> [Exercise objective]
Could you please count how many lines in the data below hold the string "Park"? Reply with only the number.
==== Excerpted records ====
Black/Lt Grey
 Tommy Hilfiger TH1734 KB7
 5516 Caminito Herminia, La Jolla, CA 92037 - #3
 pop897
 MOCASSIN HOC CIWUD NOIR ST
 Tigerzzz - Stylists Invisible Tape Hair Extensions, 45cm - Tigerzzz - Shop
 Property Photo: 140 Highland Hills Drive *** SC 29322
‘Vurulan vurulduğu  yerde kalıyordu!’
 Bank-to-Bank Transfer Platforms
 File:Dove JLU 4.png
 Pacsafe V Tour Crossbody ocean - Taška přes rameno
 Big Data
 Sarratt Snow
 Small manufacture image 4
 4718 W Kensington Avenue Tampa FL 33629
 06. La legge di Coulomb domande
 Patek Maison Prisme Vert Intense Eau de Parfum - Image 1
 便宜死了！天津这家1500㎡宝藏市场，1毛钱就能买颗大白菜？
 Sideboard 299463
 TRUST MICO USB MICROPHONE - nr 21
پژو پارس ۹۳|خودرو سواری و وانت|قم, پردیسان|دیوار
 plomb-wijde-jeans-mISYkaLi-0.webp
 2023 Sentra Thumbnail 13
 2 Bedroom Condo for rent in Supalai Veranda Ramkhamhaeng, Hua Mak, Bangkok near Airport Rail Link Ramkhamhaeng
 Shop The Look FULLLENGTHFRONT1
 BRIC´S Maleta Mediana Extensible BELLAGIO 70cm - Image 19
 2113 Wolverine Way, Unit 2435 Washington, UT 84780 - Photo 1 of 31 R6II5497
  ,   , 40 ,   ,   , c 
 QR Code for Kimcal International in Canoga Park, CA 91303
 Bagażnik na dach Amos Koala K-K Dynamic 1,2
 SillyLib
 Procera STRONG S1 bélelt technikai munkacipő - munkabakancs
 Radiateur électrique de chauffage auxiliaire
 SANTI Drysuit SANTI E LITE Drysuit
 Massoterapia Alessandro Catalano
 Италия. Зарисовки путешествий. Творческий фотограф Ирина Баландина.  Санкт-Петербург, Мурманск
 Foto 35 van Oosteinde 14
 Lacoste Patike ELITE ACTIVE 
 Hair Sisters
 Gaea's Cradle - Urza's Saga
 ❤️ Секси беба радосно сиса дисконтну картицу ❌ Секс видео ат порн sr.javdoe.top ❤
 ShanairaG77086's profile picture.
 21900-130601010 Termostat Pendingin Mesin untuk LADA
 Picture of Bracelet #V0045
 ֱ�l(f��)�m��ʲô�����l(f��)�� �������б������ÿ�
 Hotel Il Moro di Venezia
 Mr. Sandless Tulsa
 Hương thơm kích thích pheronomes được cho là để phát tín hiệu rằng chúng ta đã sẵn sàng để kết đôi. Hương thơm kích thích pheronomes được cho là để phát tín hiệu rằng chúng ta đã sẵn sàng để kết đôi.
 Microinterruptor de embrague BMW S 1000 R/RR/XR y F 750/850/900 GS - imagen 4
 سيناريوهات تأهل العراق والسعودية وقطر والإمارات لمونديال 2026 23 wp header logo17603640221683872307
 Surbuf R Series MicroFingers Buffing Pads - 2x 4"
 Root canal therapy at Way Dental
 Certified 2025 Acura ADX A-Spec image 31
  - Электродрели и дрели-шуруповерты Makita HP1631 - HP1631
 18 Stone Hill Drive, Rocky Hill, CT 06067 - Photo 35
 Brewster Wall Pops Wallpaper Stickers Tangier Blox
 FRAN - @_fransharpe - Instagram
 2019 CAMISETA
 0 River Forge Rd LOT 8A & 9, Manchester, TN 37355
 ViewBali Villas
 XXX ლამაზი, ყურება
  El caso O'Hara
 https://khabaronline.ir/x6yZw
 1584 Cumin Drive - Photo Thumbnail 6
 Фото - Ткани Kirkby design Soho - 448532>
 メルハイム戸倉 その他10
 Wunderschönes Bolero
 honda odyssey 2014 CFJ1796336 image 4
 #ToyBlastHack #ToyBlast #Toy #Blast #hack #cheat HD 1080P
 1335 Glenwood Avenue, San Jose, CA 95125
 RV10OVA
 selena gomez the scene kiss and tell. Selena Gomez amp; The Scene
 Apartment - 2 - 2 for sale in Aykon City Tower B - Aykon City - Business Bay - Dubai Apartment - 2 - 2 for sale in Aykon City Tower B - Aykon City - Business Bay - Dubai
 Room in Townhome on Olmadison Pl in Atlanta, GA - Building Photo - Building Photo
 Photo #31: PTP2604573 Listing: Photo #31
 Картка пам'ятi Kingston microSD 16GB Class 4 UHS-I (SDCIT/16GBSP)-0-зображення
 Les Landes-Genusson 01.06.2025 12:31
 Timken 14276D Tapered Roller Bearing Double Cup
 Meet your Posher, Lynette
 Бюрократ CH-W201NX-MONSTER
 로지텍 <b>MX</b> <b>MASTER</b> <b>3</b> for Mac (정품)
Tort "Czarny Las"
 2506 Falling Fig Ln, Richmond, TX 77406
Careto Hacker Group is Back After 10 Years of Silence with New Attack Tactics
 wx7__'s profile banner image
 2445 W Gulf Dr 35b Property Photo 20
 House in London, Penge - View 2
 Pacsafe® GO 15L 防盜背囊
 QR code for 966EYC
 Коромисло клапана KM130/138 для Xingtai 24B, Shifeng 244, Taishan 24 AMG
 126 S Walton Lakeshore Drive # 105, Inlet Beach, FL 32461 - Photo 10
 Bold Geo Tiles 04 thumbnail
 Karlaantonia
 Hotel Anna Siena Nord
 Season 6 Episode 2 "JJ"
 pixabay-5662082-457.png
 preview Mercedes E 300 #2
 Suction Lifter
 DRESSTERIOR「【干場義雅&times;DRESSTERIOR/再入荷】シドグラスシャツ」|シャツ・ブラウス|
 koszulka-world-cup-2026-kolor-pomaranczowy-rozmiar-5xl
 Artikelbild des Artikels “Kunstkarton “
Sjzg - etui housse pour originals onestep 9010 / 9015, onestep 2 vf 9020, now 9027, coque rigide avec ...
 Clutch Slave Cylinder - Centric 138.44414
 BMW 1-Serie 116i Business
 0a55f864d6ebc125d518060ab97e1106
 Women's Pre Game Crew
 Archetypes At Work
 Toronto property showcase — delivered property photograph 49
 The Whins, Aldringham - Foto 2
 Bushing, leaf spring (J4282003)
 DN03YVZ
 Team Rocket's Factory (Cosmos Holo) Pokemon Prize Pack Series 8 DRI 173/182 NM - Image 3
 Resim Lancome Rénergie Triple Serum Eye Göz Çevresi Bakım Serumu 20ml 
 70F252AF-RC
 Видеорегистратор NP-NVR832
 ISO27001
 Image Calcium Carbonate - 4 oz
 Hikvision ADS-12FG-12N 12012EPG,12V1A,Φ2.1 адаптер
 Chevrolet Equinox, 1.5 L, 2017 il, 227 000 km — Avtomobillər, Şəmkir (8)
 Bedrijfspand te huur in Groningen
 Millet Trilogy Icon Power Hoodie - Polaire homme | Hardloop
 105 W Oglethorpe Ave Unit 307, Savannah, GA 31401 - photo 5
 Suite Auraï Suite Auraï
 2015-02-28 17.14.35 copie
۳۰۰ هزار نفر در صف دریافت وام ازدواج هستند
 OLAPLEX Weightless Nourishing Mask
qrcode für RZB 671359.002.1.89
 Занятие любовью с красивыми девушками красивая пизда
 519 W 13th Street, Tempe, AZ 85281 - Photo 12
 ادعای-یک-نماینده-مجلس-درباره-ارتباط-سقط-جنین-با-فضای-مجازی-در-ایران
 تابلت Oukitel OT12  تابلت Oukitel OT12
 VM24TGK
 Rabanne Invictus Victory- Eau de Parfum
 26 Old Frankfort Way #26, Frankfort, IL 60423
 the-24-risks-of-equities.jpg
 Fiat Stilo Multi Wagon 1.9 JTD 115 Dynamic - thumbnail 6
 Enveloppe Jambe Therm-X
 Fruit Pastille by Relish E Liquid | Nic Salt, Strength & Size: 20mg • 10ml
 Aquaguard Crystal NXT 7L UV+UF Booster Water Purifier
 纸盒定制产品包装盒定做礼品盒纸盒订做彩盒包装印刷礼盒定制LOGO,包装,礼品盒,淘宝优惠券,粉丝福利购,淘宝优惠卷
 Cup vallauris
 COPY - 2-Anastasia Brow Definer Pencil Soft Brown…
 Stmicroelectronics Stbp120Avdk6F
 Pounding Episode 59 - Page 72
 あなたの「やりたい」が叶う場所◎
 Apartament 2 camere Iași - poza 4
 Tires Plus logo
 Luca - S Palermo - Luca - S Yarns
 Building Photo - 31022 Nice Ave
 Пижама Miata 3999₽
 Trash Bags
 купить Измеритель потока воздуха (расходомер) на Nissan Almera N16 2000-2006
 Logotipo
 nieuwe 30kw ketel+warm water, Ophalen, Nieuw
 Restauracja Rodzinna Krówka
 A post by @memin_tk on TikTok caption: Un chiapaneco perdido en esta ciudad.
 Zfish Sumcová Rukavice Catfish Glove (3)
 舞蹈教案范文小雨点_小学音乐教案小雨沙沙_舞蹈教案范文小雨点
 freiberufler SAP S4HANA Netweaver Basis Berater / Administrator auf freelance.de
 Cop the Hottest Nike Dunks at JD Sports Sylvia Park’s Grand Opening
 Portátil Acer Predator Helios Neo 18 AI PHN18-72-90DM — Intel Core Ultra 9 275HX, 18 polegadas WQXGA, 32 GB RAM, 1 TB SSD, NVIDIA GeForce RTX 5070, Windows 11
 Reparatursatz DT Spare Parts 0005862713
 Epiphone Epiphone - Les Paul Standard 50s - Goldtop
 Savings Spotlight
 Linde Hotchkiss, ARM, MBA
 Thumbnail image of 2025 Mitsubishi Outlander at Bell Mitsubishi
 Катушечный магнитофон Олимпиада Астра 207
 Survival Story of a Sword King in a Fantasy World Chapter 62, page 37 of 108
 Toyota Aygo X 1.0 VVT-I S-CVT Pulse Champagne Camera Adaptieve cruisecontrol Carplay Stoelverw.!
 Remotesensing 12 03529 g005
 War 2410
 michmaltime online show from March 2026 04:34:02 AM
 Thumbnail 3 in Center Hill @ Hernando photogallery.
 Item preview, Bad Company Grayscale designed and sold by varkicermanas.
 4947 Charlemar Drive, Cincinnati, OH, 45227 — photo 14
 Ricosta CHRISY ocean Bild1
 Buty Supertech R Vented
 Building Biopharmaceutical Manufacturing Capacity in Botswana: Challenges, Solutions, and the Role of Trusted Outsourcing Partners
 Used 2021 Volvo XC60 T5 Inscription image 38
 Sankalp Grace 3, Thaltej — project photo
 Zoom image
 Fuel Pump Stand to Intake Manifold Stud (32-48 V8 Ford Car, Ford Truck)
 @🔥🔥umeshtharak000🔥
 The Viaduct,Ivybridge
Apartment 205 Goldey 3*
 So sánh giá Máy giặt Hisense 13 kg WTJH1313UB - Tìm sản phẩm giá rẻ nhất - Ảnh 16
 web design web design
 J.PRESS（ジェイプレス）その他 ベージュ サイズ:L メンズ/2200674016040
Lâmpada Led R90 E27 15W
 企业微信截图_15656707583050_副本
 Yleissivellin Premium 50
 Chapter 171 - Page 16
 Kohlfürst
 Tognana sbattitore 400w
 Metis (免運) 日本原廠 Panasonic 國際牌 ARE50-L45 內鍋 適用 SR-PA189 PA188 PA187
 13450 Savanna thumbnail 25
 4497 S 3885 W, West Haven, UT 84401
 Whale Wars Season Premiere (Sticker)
====
> [Task answer]
2